Kevin Adams
Grand Rapids: Zondervan, 2014, 224 pp., $12.60

The Extravagant Fool: A Faith Journey that Begins Where Common Sense Ends reads like a modern-day story of Job. The narrative style is engaging, but not academic. Kevin Adams offers a vulnerable, well-written journal (quite literally, he includes entries from his personal journal) of personal of crisis and recalibration. When Adams opened the book by describing the loss of all his wealth, business, home (mansion), and began describing his new life of modest means, I had some difficulty relating because his new reality sounded very similar to my current realty! I felt little empathy…at first. He then describes his continued journey into more loss, humiliation, loss of desire to go on living, questions why and God’s silence. I began to resonate with his writing. Loss, doubt and crushed spirit are common human experiences.

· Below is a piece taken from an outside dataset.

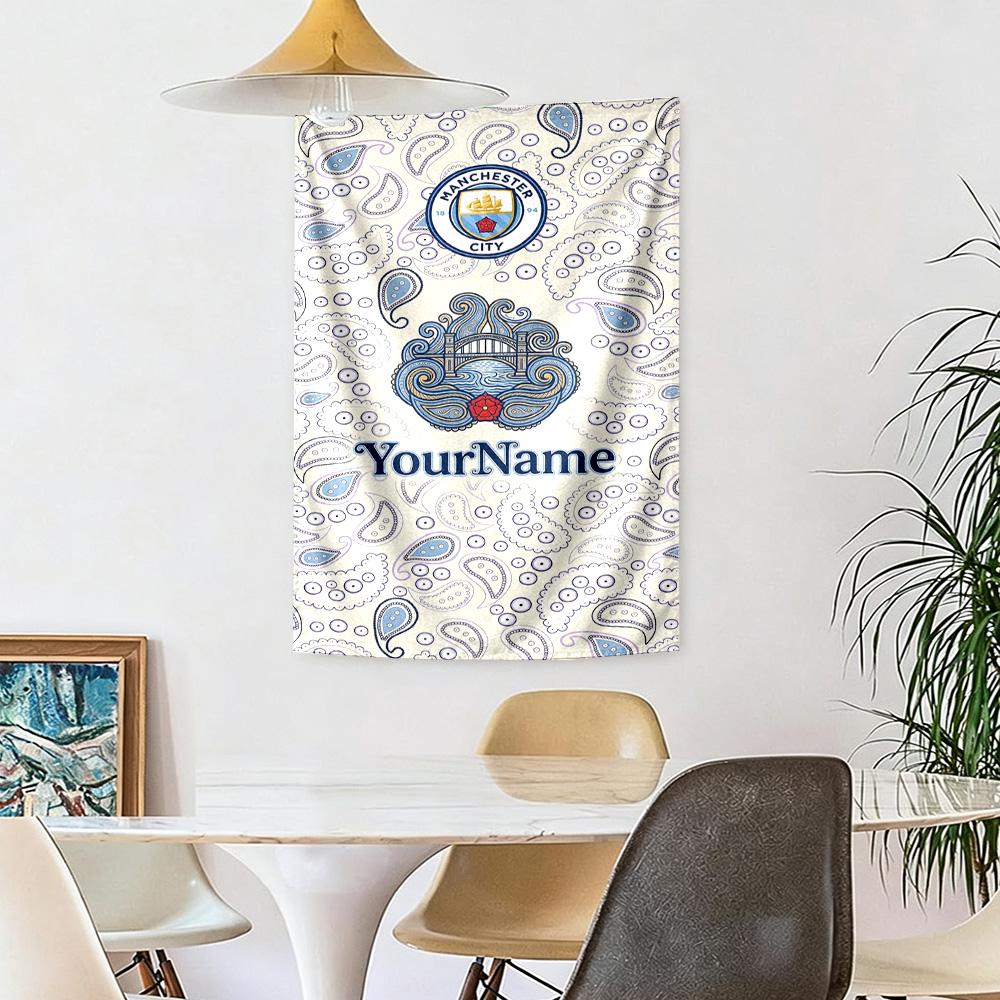 Manchester City Benutzerdefinierte Ihr Name Wanddekoration Wandteppich Kunst Für Haustier-Gedenken Geburtstag Hochzeitsparty Kulisse Familien Geschenk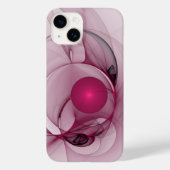 Coques Case-Mate iPhone Fractal, moderne Berry Abstrait Art rose (Verso)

If you are a type-A, risk-taking kind of personality, you will find a companion in the author. His amassed wealth was the result of business acumen, gravitas and risk. When disaster hit his life (which he explains in detail), he was forced to decide what kind of fool he would be (1 Cor. 3:18). He is a huge fan of George Mueller and cites him often. Unlike Job’s story, there is no miraculous restoration at the close of the book. Adams offers random God-focused lessons learned from his journey. This book speaks to the heart of those who have experienced a similar journey of loss and doubt, and offers counsel to those who have watched friends and family walk a difficult road.